Та, прежняя, парадная лестница просуществовала до 1810-х. Именно тогда вестибюль перенесли, и он получил вид на Воздвиженку. А парадная лестница перебралась в торец западного флигеля, где и существует сейчас.

…Употребляя слово «жилтоварищество», невольно возникает соблазнительное желание что называется «пощупать» абстрактную историческую реалию тех лет: а кто конкретно проживал тогда в «Доме Талызина»? Разве не интересно взглянуть: с кем «воевал» музей и кто пребывал в жуткой тесноте, мучаясь от постоянного шума проводимого ремонта и изнемогая от хождения по коридорам посетителей музея?

Так уж вышло, никакого специального умысла не было, но удалось познакомиться через внуков с историей одной семьи, бывшей некогда жильцами «Большого дома». Само собой, её нельзя назвать пусть даже лёгким, ни на что не претендующим, социологическим срезом квартирантов 1930-х годов. Проще сказать, мол, дело случая, и тем не менее... В зале № 47, разгороженном тогда жилтовариществом на две длинные комнаты (по одному окну в каждой), проживали две семьи.

В правом «пенале» обосновалась семья Старостиных. Первую комнатёнку в «Большом доме» Сергей Старостин получил, ещё будучи студентом университета им. Свердлова. После окончания учёбы Сергея оставили в университете преподавателем, и комнатка закрепилась за ним. Была она маленькая, с низким потолком и окном, выходившим в Староваганьковский переулок, из него были видны Кутафья башня, библиотека и уголок Манежа. В 1934 году они с братом Василием, приехавшим в гости, наблюдали за строительством ветки метрополитена. Котлован, разверзшийся внизу во дворе, пугал.
Семья Василия Старостина жила в это время в деревне. Крепкое крестьянское хозяйство, лошадь, коровы позволяли жить сытно. Но отец отказался вступать в колхоз, и Сергей Старостин забеспокоился.

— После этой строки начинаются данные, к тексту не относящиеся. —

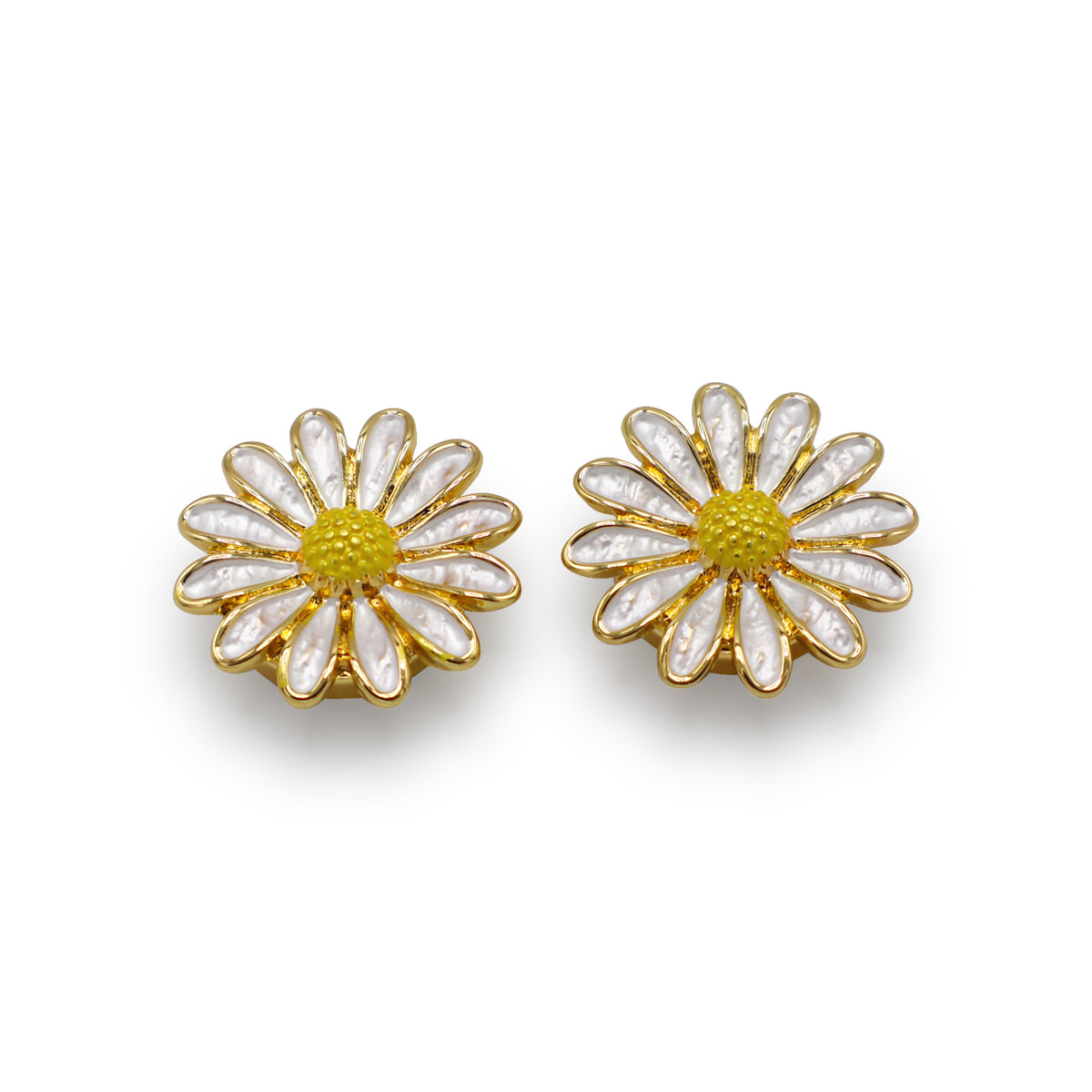 Button cover nr 73 per set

Преподаватель Коммунистического Сельхозуниверситета понимал, что это кончится раскулачиванием. Сергей смог убедить отца немедленно вступить в колхоз, сдав в него всю живность. Затем семейство погрузилось на телеги и отправилось в Москву. Тогда Сергею удалось выменять свою маленькую комнату на другую — побольше. Так Старостины оказались в той самой половинке комнаты-квартиры № 47, получившейся от разделения некогда красивого зала с высокими потолками деревянной перегородкой ровно пополам и отделённого от коридора крошечным тамбуром. Окно новой комнаты выходило во двор, на потолке роспись — в облаках резвились ангелочки.

В своей комнатке-пенале Старостины жили 20 лет. Здесь семья встретила войну. Мальчишки гасили на крыше зажигалки. В 1941 году взрывной волной в доме повыбивало окна (в их комнате тоже), и отец приладил к раме лист железа с прорезью для трубы печки-буржуйки. Её топили паркетом из соседнего дома по Крестовоздвиженскому переулку, так и грелись. Тогда же, в 1941-ом, в окно комнаты глядели на огонь костра, в котором жгли учебники по политэкономии: немцы приближались к Москве.

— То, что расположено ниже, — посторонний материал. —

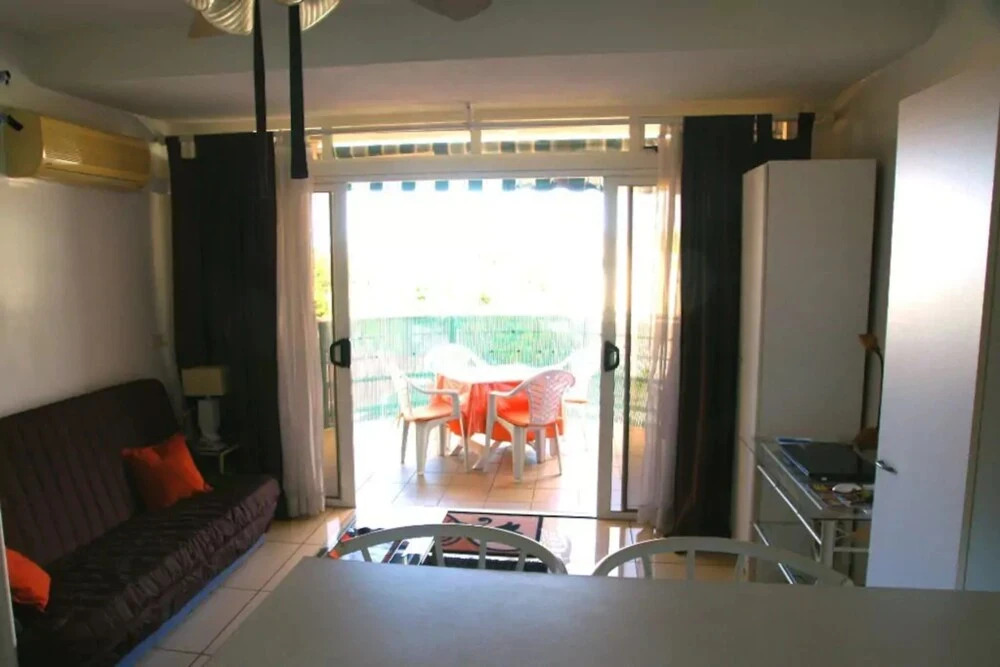 Studio Regent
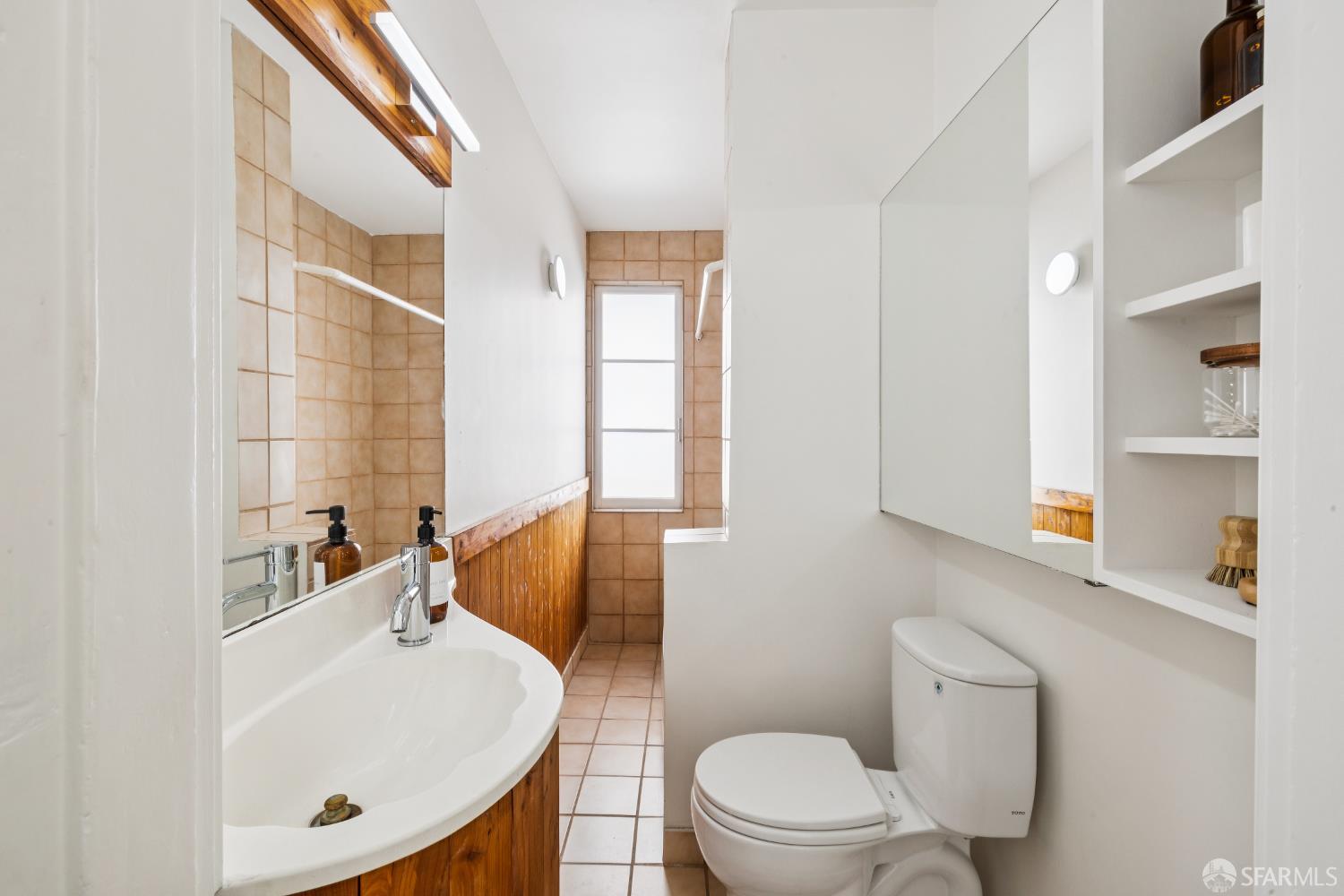 Detail Gallery Image 46 of 99 For 2332 California St, San Francisco,  CA 94115 - – Beds | – Baths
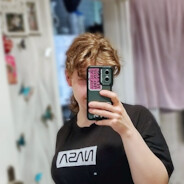 ❤🇵🇸Emmunia🇵🇸❤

Сергей Старостин погиб в 1942 году, защищая Малую землю. Брат Василий, окончив Муромское военное училище, в 1944 году с Первым Украинским фронтом радистом участвовал в боях за Бреслау, в переправе через Нейсе, взятии Берлина. Расписался на рейхстаге и написал: «Смерть фашизму!» После войны Василий Старостин остался в армии, преподавал, женился, в семье родилась дочка Тома. Позже получил назначение в Генштаб.

В 1955 году женился и третий, младший, брат Владимир, живущий в этой же комнате-квартире. Он работал в Москве слесарем-сборщиком авиационных моторов. В жёны взял девушку, живущую по соседству. Надежда была тоже родом из деревни, в войну прошла немецкие концлагеря, отец её погиб под Ленинградом, мать умерла во время войны. И Надежда приехала к тётке, живущей во дворе «Большого дома» в так называемом «Домике садовника» (Староваганьковский переулок, д. 25). Там у тётки была маленькая подвальная комната-квартира с окошком, выходившим во двор. Когда мальчишки играли в футбол, мяч частенько залетал в открытую форточку.

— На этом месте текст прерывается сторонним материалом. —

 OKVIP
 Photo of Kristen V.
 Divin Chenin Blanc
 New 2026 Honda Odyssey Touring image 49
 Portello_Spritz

В 1955 году в узком «пенале», где проживали Старостины, было уже десять человек: восемь взрослых, двое маленьких детей. О музейных делах семья знала мало. Жили как все рядом: бабушка варила суп на примусе, который стоял на табуретке в коридоре. Рядом сидела «сторожиха», бывшая соседка Надежды Емельяновны, устроившаяся в музей смотрительницей. «Володя твой не здоровается!» — обижалась она на Старостиных.
Только в 1957 году Василию Тимофеевичу удалось получить квартиру на Кутузовском проспекте. Уезжали Старостины с радостью, устали от тесноты и шума.

Их соседом по квартире в «Большом доме» был сын Председателя Академии наук С.Н. Вавилова. Вениамин Сергеевич Вавилов жил в левом «пенале» (тоже 27,5 м) с женой и дочерью. Был он пьяницей и дебоширом. Иногда к нему заходил его знаменитый отец, но угомонить сына не мог.

К моменту начала реставрации плафон зала № 47 выглядел сильно загрязнённым и закопчённым. К тому же его чуть не испортили во время ремонта — попробовали заштукатурить проблемные участки. Реставрацией занималась бригада С.А. Зиновьева. Сначала были сделаны пробные расчистки (методом прокатки тестом и протирки резинкой «родоль»). Они дали хорошие результаты и показали изначальный авторский колорит живописи — серо-голубой в светах и золотистых тенях, высокой художественной ценности. Этим же методом продолжили дальнейшую расчистку. Тогда высокая техника росписи плафона подтвердила имеющиеся указания в литературе о выполнении интерьеров в 1810 году. Было даже высказано предположение о более ранней датировке живописи. Виноградов свидетельствовал:

«Плафон получился как вновь написанный, до того свежи краски. Если б я не присутствовал при этих работах, я бы не поверил, думая, что плафон вновь расписан. Что касается участка, выходившего в коридор, он написан вновь, сюжет повторен той части плафона, что около окон зала».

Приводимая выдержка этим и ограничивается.